Decided on February 26, 2015
Supreme Court, New York County

A. L., Plaintiff,

against

R. D., Defendant.



350649/06



Plaintiff is represented by

Judith White, Esq. Lee Anav, White & Kim, LLP

156 Fifth Avenue, Suite 303

New York, N.Y. 10010

212 271-0664

Defendant is represented by

Glenn S Goldstein, Esq.

Cohen Goldstein, LLP

850 Third Ave.

New York, N.Y. 10022

212 537-9000
Lori S. Sattler, J.

In this post-judgment matrimonial action, Defendant father (hereinafter "Defendant") moves for a finding that the parties now-16 year old daughter (hereinafter "A.") has been emancipated as that term is defined in the parties' settlement agreement dated March 12, 2010 and that his child support obligation to Plaintiff is therefore terminated. He further asks that Plaintiff be directed to pay a fair and reasonable amount of child support to him and a reasonable portion of their daughter's add-on expenses. Plaintiff mother (hereinafter "Plaintiff") opposes the motion and cross-moves for an order directing that Defendant pay 100% of the add-on expenses as well as counsel fees to her attorney of $50,000, and that he be directed to attend parenting classes and refrain from discussing the pending litigation with A..

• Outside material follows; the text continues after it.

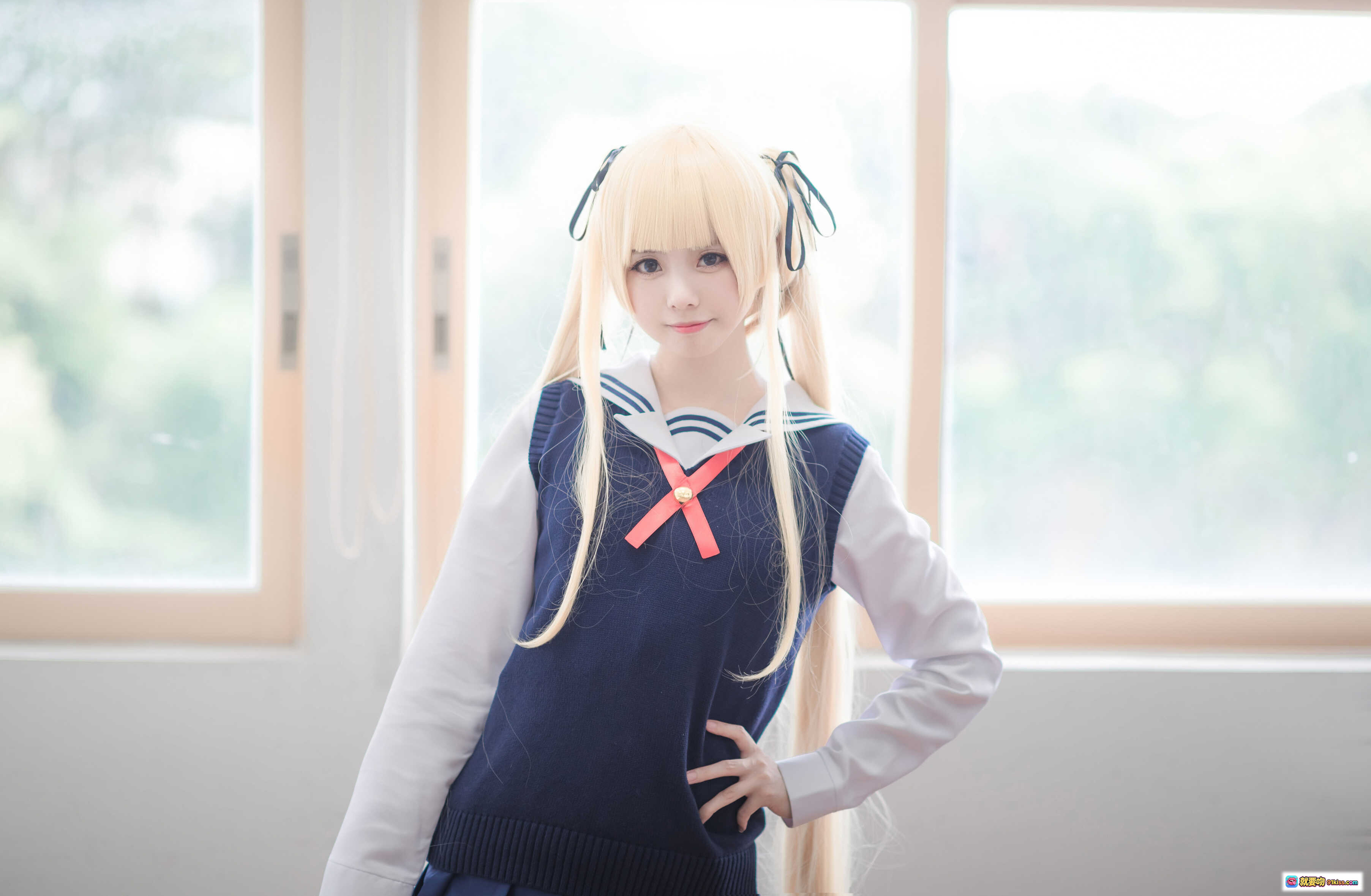 图片[6] - 白金saki JK校服美少女教室写真 | 萌系短发蓝裙红领结 | 学院风清纯cosplay摄影集 - 就要吻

The parties' divorce action was commenced on October 17, 2006 but the final Judgment was not entered until July 15, 2010. The parties continued to reside together in the marital residence. Starting in 2008, they began alternating four day weekends alone with A. either in New York or in Southampton, and continued to reside jointly in New York from Tuesday to Thursday each week. That schedule was modified in May of 2009 when the parties started alternating weeks at the residence with A., with the non-resident parent having one dinner or overnight during the week that they were not staying with A..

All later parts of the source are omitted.